» Task requirements: First find the line with "can you use human hair clippers for dogs" in the entries below, then set down exactly every line through the line with "Kuşları çalınan kişi: Bulana", that line included.

══════════════════════════════

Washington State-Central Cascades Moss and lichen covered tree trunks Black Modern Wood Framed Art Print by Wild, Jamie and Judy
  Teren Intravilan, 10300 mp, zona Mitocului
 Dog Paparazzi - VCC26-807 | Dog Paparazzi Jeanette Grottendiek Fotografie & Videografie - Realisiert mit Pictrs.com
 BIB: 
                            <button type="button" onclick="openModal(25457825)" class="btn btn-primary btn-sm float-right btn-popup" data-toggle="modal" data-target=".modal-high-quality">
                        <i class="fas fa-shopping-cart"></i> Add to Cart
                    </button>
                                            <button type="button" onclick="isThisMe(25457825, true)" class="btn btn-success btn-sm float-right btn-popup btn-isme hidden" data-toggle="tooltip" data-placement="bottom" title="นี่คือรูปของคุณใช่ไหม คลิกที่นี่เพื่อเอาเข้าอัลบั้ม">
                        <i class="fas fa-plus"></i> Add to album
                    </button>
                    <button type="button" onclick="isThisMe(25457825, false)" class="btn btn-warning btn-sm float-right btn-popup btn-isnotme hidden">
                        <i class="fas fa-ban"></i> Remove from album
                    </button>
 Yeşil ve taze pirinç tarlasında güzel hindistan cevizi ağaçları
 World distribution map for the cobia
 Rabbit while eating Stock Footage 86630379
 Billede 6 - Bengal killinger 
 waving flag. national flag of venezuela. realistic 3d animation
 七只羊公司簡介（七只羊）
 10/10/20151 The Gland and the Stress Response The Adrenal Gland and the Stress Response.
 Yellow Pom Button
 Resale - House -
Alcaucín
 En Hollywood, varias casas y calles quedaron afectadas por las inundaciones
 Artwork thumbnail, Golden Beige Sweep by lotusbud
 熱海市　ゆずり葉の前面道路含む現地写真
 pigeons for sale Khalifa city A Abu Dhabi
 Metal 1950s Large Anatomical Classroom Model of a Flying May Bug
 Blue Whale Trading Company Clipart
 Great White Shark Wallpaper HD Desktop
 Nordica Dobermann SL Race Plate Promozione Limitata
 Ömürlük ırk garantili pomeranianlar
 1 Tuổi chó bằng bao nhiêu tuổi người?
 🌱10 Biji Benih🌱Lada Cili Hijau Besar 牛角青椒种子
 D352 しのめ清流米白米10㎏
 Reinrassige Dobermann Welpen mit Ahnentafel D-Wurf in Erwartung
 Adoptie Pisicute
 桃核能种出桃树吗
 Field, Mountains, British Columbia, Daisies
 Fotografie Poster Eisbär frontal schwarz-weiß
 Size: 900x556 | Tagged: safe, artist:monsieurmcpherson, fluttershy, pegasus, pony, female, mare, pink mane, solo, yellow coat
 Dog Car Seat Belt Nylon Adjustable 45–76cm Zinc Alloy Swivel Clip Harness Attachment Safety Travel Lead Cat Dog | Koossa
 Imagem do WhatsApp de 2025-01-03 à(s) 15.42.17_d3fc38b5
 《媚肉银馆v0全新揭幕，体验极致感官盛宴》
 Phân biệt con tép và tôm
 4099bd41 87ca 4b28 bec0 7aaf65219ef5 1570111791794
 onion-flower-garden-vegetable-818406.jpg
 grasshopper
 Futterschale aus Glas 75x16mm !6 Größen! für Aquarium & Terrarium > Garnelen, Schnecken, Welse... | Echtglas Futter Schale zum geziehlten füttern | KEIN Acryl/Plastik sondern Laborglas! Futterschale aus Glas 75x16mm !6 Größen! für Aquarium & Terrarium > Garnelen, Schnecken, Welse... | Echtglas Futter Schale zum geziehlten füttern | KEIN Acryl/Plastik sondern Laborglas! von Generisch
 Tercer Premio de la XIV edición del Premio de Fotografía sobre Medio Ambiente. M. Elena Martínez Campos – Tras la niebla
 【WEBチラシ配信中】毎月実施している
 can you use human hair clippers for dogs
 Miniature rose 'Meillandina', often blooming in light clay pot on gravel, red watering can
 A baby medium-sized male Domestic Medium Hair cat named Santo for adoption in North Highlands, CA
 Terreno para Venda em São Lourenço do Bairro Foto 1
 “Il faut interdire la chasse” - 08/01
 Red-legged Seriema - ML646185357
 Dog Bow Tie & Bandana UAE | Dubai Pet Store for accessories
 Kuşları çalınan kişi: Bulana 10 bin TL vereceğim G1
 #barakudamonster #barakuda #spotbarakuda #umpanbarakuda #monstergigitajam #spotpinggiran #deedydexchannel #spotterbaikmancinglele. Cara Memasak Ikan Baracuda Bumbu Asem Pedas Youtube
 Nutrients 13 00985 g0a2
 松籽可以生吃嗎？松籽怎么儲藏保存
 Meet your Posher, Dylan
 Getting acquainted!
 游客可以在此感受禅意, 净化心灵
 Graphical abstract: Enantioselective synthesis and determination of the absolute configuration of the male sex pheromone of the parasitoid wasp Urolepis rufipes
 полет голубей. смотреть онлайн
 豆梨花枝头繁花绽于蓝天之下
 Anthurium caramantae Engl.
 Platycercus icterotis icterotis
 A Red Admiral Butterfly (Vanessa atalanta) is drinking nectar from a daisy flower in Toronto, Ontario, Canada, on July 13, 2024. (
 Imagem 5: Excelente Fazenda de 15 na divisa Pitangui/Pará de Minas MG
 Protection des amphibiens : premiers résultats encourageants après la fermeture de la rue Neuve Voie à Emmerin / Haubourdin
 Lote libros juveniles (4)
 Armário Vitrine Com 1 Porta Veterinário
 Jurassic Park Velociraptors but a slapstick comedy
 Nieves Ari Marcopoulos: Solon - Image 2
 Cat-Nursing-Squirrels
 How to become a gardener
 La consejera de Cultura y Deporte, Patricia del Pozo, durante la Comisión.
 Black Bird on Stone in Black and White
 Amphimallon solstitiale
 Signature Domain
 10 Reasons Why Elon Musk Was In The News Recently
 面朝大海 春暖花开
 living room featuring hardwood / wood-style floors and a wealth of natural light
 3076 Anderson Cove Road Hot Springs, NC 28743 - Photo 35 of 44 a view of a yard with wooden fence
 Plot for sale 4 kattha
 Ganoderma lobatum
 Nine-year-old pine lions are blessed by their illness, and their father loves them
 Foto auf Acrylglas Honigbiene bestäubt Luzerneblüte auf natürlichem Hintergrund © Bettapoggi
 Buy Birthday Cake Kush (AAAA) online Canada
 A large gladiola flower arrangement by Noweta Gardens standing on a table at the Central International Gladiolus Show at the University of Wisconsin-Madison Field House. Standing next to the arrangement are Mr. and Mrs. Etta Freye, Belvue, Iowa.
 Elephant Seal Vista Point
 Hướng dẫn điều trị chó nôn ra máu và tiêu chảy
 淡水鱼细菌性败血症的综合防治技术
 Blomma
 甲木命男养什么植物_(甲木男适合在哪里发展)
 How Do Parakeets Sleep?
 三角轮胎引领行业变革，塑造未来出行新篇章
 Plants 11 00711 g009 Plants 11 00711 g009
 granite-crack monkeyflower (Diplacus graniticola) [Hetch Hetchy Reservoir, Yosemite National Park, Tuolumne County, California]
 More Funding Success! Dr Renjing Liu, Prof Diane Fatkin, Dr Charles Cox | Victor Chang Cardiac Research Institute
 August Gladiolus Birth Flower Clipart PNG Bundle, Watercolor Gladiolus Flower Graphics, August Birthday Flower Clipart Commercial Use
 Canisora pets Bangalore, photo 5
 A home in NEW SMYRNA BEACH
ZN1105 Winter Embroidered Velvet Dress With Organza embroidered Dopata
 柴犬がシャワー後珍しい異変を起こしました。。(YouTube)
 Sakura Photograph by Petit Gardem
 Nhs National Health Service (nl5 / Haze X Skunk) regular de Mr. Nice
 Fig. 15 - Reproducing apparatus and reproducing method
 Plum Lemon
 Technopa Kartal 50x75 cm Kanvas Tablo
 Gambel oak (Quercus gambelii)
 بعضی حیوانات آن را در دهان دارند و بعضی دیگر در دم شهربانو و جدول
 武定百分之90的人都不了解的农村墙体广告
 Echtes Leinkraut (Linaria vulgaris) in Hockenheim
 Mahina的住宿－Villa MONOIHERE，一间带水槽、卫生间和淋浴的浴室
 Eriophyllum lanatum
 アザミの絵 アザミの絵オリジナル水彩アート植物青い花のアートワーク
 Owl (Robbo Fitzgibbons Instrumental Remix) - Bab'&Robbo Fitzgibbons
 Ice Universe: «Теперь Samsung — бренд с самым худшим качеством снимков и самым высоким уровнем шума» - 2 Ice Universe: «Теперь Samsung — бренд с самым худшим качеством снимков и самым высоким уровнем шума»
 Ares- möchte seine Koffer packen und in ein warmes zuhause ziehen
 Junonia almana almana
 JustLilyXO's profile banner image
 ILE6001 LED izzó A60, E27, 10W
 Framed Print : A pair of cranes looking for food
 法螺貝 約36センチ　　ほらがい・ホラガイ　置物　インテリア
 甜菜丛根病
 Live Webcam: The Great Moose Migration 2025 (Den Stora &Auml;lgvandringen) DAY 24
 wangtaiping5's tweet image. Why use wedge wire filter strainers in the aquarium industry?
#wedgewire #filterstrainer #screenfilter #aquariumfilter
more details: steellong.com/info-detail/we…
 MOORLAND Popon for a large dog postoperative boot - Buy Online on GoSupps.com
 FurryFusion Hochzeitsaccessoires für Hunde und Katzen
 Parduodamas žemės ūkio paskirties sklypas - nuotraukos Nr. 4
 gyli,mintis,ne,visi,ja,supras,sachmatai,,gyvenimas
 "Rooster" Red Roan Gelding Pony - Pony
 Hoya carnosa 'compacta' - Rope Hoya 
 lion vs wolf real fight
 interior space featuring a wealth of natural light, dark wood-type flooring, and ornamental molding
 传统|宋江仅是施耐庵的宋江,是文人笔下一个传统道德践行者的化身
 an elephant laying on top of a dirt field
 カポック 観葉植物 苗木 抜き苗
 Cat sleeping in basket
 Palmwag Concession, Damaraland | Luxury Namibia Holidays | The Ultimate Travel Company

══════════════════════════════

» Your response:
 can you use human hair clippers for dogs
 Miniature rose 'Meillandina', often blooming in light clay pot on gravel, red watering can
 A baby medium-sized male Domestic Medium Hair cat named Santo for adoption in North Highlands, CA
 Terreno para Venda em São Lourenço do Bairro Foto 1
 “Il faut interdire la chasse” - 08/01
 Red-legged Seriema - ML646185357
 Dog Bow Tie & Bandana UAE | Dubai Pet Store for accessories
 Kuşları çalınan kişi: Bulana 10 bin TL vereceğim G1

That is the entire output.